The Unreasonable Effectiveness of Character-Level Language Models

bcoates · on May 26, 2015

This is exactly the letter-based version of the "Dissociated Press" Markov-chain algorithm, right?

I'd suspect some of the perceived quality at higher orders (particularly for the source-code example) is just coming from the transition graph becoming sparse and deterministically repeating long stretches of the input text verbatim.

_pvxk · on May 26, 2015

Goldberg says parenthesis-balancing and indentation etc. would require lots of non-trivial human reasoning to implement, but I found https://news.ycombinator.com/item?id=9585080 's example even more amazing: the NN actually learns meter and parts of speech – I don't find it very likely that you could get a character-based markov-chain to generate completely novel grammatically correct constructions (with correct meter!) from such a small corpus, since you always have to weigh correctness (high order) up against ability-to-generalise (low order).

foldr · on May 27, 2015

It's not true that it learns the meter. If you look through the large generated example you'll see that there's not much consistency in the number of syllables per line.

SilasX · on May 26, 2015

That same article (that you linked) showed how the RNN learned to balance parentheses.

_pvxk · on May 26, 2015

? I tried linking to a comment …

EDIT: Oh, misunderstood. I know the RNN can do the parens-balancing, and that's why Goldberg said that parens-balancing was impressive, since with his method you'd need to add other hacks around it.

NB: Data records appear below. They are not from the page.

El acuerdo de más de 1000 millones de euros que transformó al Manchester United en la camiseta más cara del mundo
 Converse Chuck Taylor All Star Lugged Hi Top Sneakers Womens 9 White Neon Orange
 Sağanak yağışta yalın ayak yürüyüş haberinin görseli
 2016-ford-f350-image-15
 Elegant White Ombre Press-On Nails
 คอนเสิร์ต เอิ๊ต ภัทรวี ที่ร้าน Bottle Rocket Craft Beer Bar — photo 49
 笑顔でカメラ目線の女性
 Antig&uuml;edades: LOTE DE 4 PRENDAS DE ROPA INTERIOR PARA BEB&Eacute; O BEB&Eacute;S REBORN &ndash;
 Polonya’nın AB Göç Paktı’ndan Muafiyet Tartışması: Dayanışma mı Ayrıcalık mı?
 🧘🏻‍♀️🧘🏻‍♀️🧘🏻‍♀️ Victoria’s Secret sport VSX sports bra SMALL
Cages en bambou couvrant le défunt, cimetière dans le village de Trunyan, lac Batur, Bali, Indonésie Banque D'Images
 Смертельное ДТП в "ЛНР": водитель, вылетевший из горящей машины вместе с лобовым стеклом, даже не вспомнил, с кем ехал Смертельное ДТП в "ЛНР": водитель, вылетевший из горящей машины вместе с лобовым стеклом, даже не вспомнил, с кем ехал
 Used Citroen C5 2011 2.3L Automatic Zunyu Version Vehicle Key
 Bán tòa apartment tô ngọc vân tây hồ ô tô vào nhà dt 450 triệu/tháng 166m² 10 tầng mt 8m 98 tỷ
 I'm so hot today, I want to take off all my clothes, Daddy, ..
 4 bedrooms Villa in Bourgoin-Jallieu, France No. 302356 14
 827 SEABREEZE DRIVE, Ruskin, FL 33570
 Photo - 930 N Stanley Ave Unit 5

JoachimSchipper · on May 26, 2015

HN discussion of the blog post this is a response to (890 points, 204 comments): https://news.ycombinator.com/item?id=9584325.

rectangletangle · on May 26, 2015

I did a project that used a similar technique, but mapping only a single state transition. For its simplicity it was very effective.

https://github.com/rectangletangle/atypical

flipp3r · on May 26, 2015

I also did a project that used a similar technique which scrapes text from 4chan, mapping N words to the next possible word.

https://github.com/skphilipp/humanity

transpy · on May 26, 2015

Why 4chan?

flipp3r · on May 26, 2015

I browse it myself, it has a really simple API and the content is refreshed quite fast on active boards.

wodenokoto · on May 26, 2015

People have been working for age trying to generate passable text by looking at n-grams for whole words. It is quite surprising to see that all along we could have done better by using a simpler model!

transpy · on May 26, 2015

Yes, I guess computers are better than us at deciding how to organize characters in words, judging by the author's typos: 'liklihood', 'Mathematiacally', 'langauge', 'immitate', 'somehwat', characer', 'commma', Shakespear', 'characteters', 'Shakepearan'.